▶ **PROBLEM STATEMENT**
Your copy should hold every record exactly and no images.

***** DATASET EXCERPTS *****

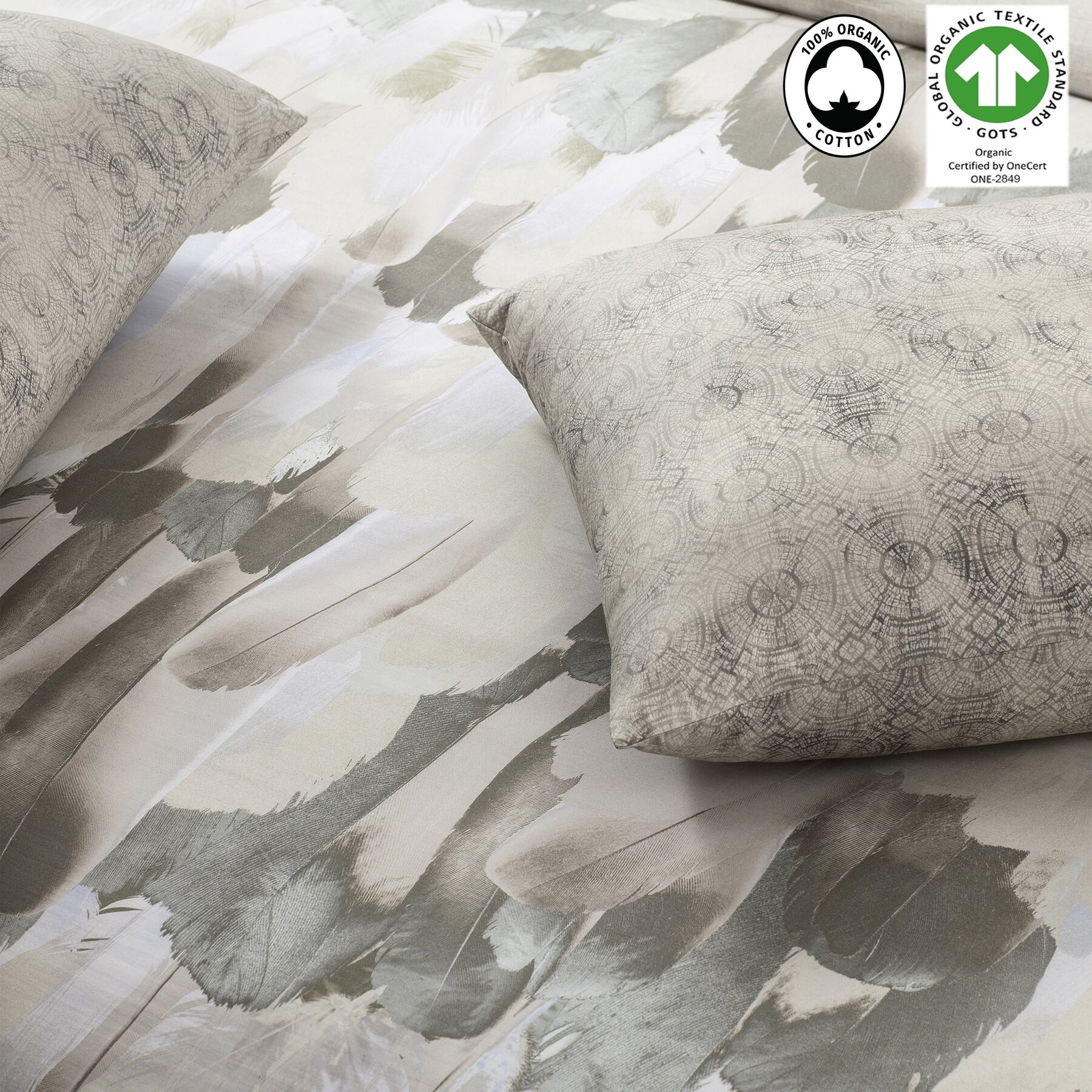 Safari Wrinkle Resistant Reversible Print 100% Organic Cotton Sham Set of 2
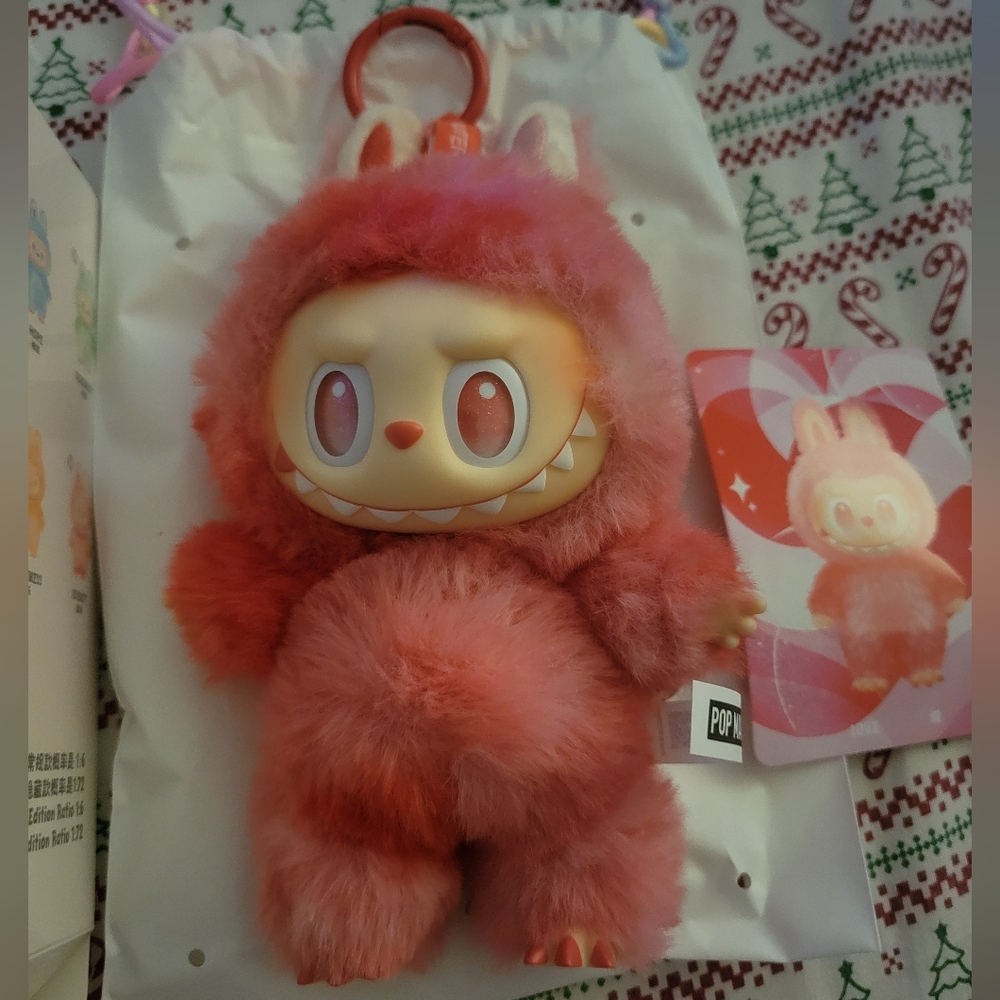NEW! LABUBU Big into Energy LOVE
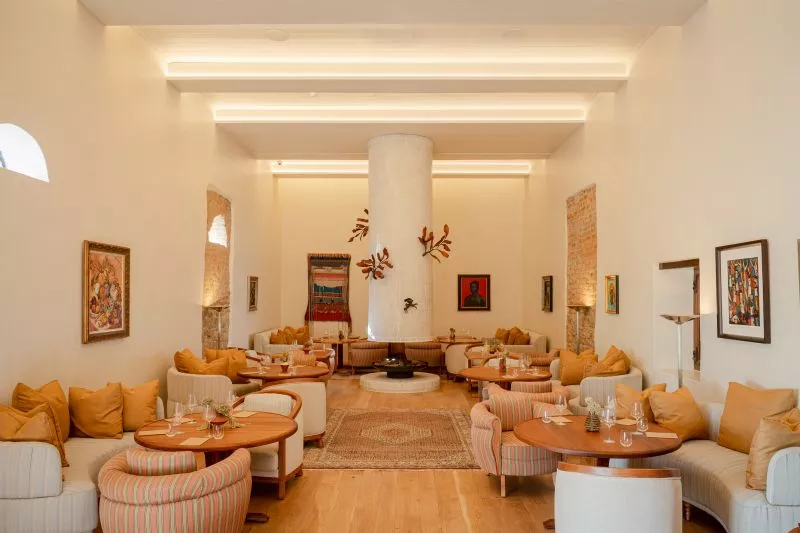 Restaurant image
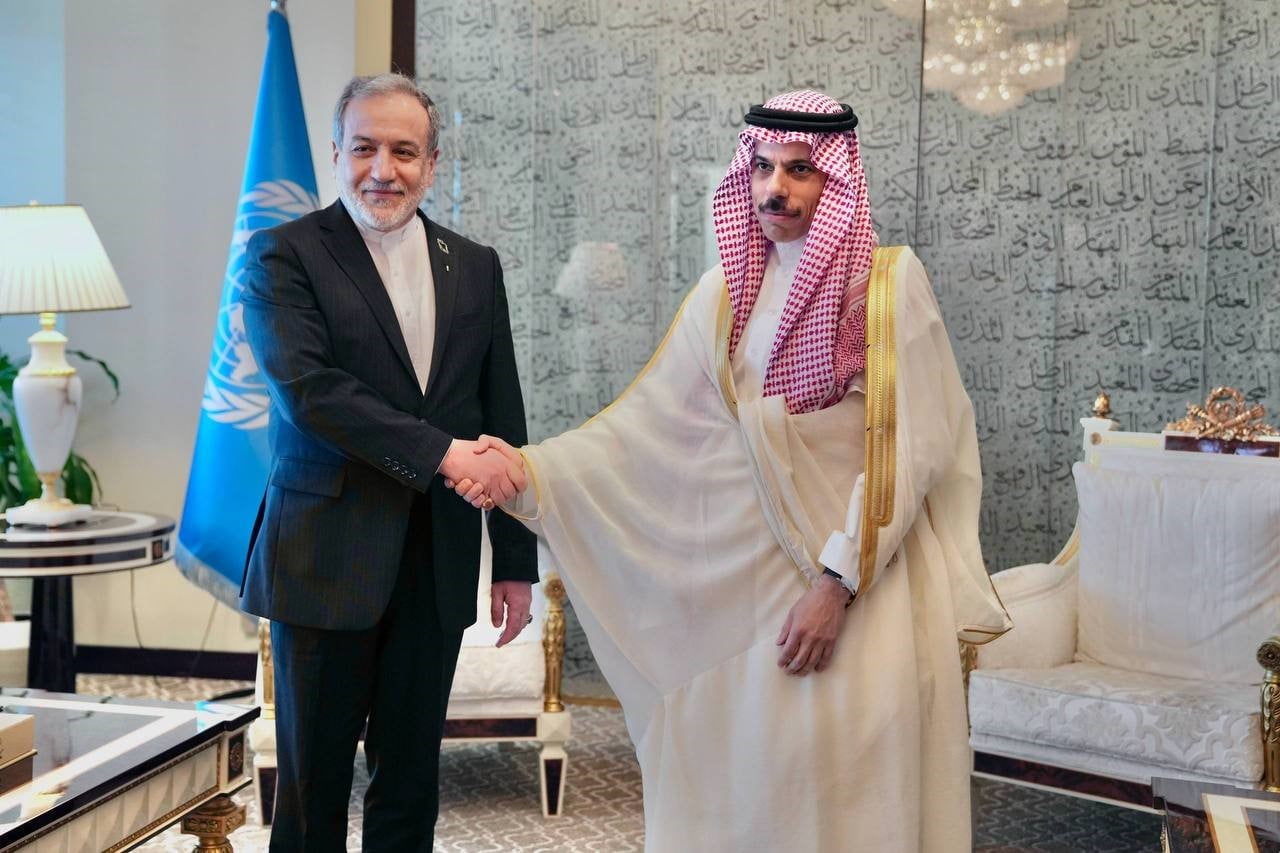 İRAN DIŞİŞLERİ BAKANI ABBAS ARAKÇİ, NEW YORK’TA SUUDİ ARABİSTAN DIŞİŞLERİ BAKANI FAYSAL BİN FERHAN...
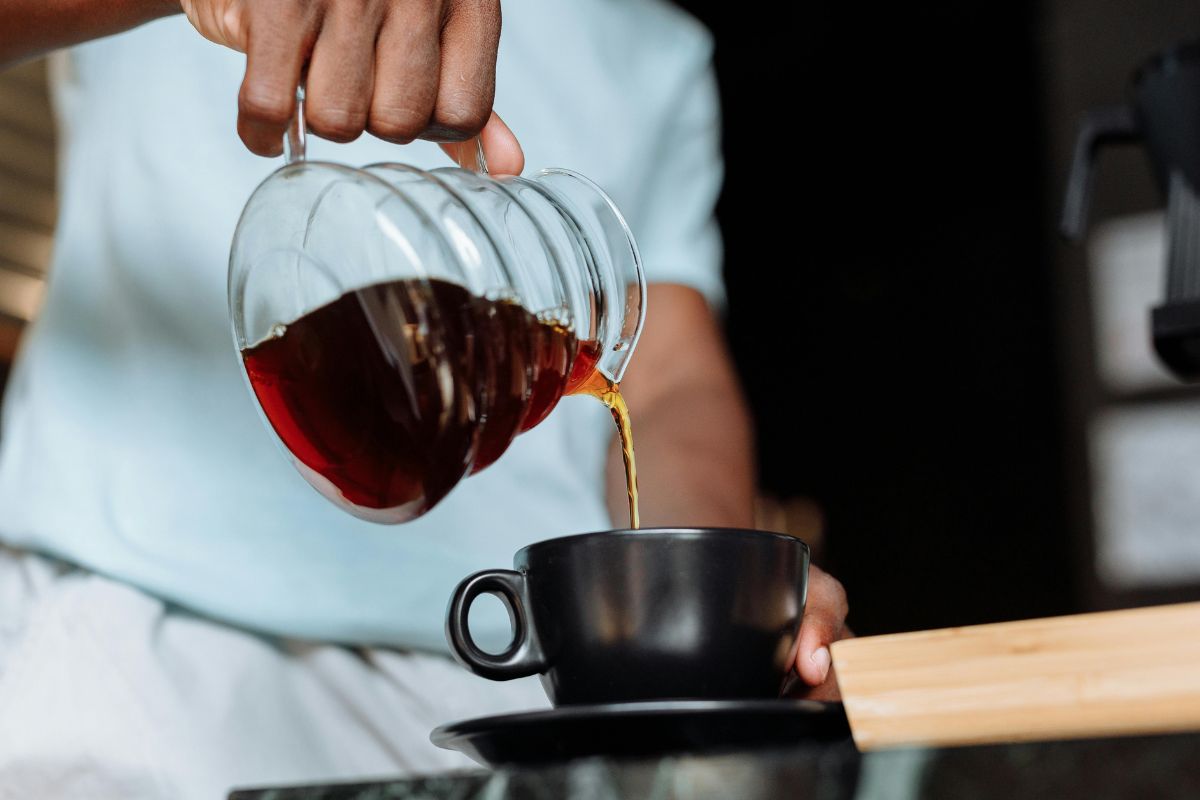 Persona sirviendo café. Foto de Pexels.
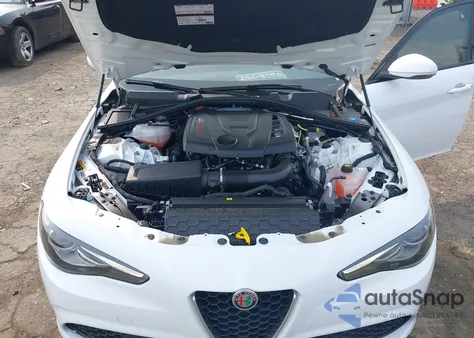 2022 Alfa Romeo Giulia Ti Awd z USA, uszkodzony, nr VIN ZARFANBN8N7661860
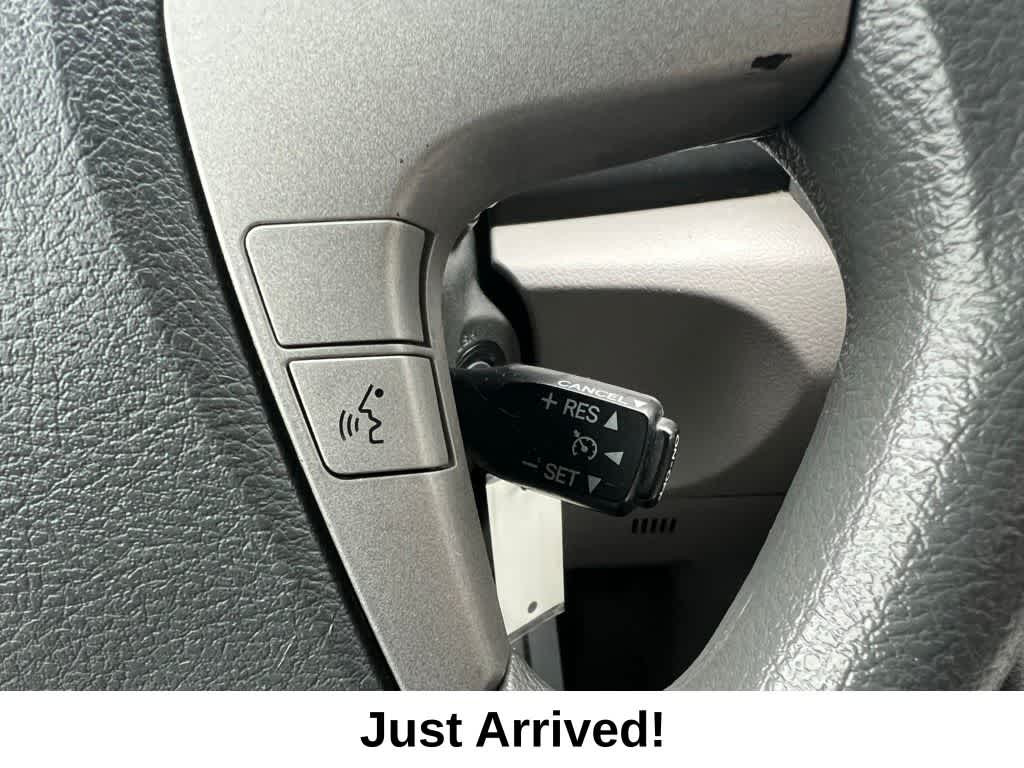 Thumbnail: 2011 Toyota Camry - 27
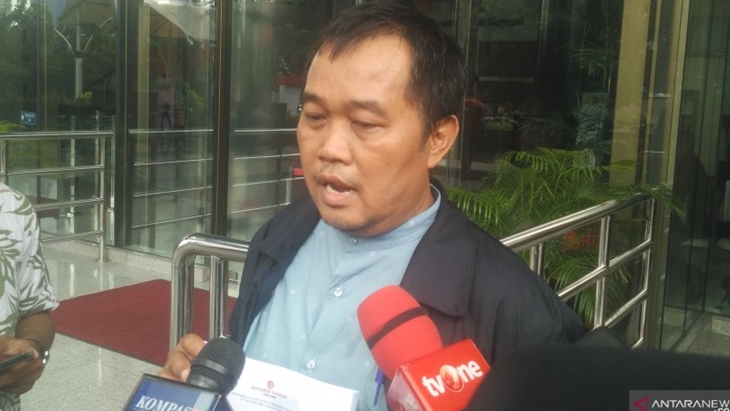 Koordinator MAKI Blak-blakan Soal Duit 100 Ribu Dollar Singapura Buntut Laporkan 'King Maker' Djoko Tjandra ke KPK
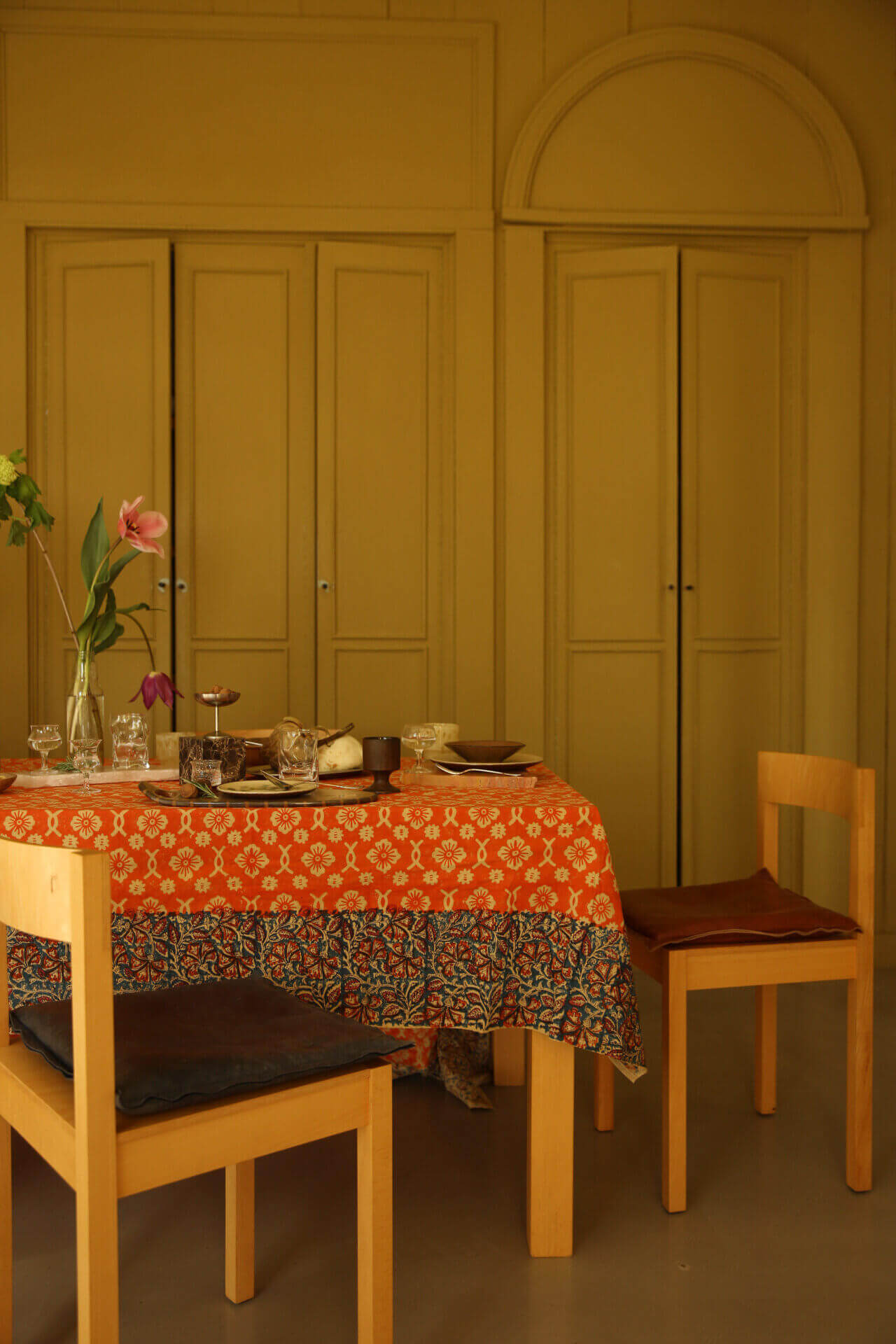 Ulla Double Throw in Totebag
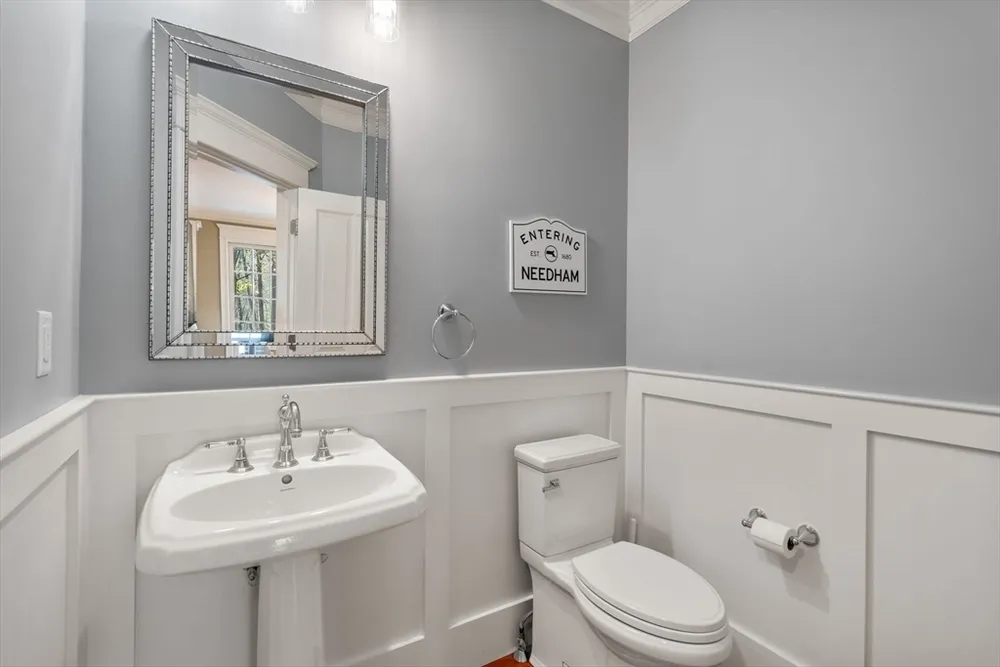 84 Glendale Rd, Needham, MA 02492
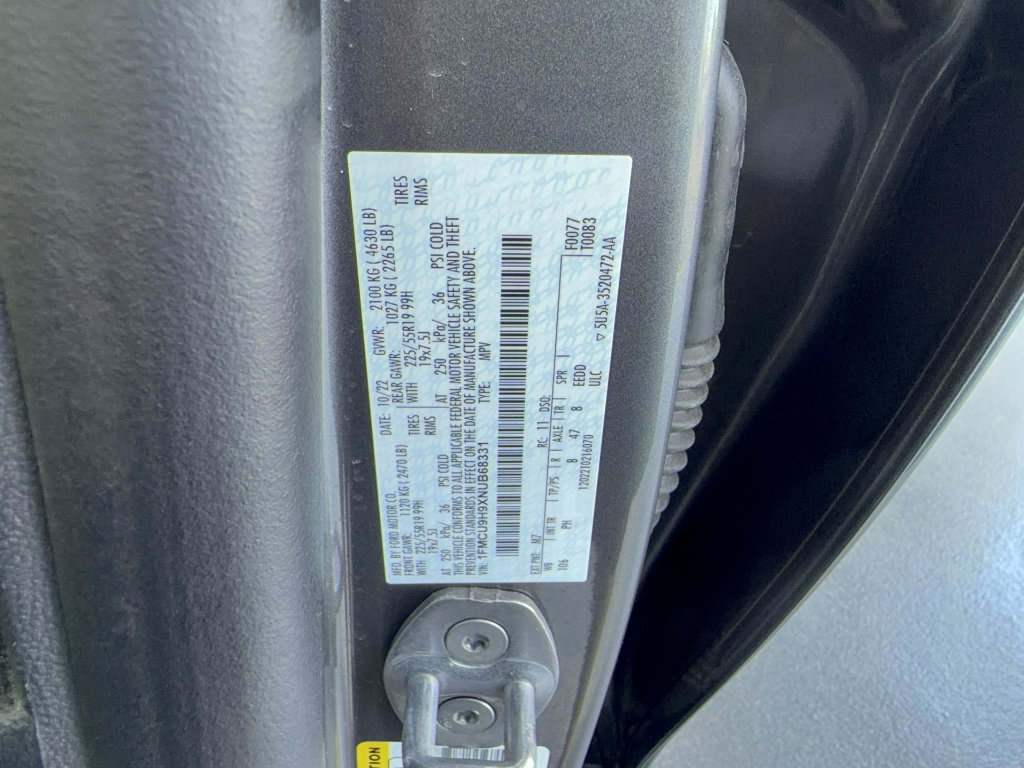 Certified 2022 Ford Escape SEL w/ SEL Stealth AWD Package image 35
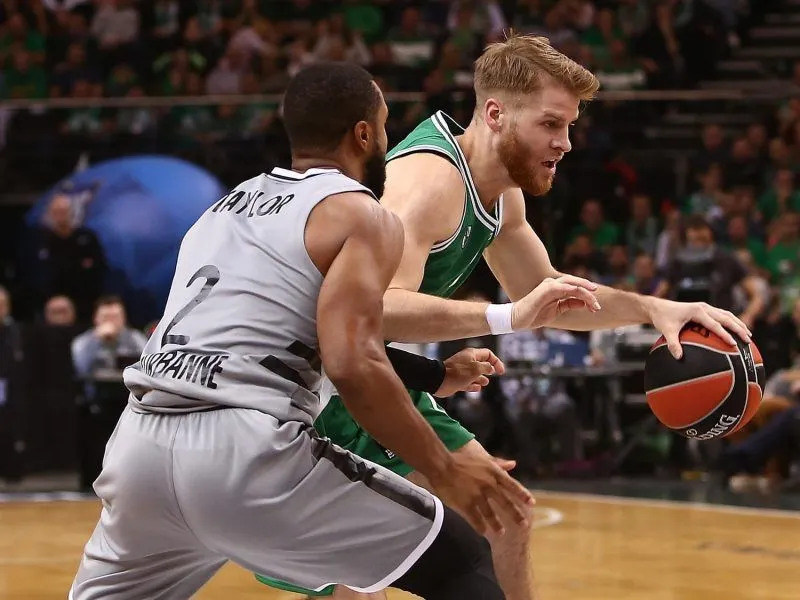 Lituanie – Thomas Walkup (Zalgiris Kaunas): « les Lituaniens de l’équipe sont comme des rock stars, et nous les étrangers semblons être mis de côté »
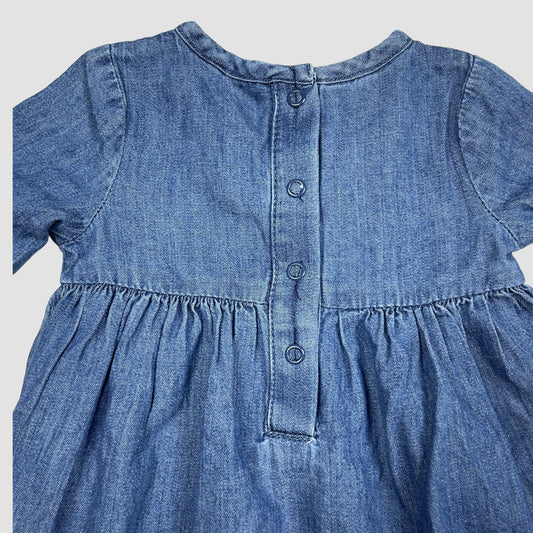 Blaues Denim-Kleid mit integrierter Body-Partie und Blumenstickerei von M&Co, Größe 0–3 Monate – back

*****

▶ **RESPONSE**
 Safari Wrinkle Resistant Reversible Print 100% Organic Cotton Sham Set of 2
NEW! LABUBU Big into Energy LOVE
 Restaurant image
 İRAN DIŞİŞLERİ BAKANI ABBAS ARAKÇİ, NEW YORK’TA SUUDİ ARABİSTAN DIŞİŞLERİ BAKANI FAYSAL BİN FERHAN...
 Persona sirviendo café. Foto de Pexels.
 2022 Alfa Romeo Giulia Ti Awd z USA, uszkodzony, nr VIN ZARFANBN8N7661860
 Thumbnail: 2011 Toyota Camry - 27
 Koordinator MAKI Blak-blakan Soal Duit 100 Ribu Dollar Singapura Buntut Laporkan 'King Maker' Djoko Tjandra ke KPK
 Ulla Double Throw in Totebag
 84 Glendale Rd, Needham, MA 02492
 Certified 2022 Ford Escape SEL w/ SEL Stealth AWD Package image 35
 Lituanie – Thomas Walkup (Zalgiris Kaunas): « les Lituaniens de l’équipe sont comme des rock stars, et nous les étrangers semblons être mis de côté »
 Blaues Denim-Kleid mit integrierter Body-Partie und Blumenstickerei von M&Co, Größe 0–3 Monate – back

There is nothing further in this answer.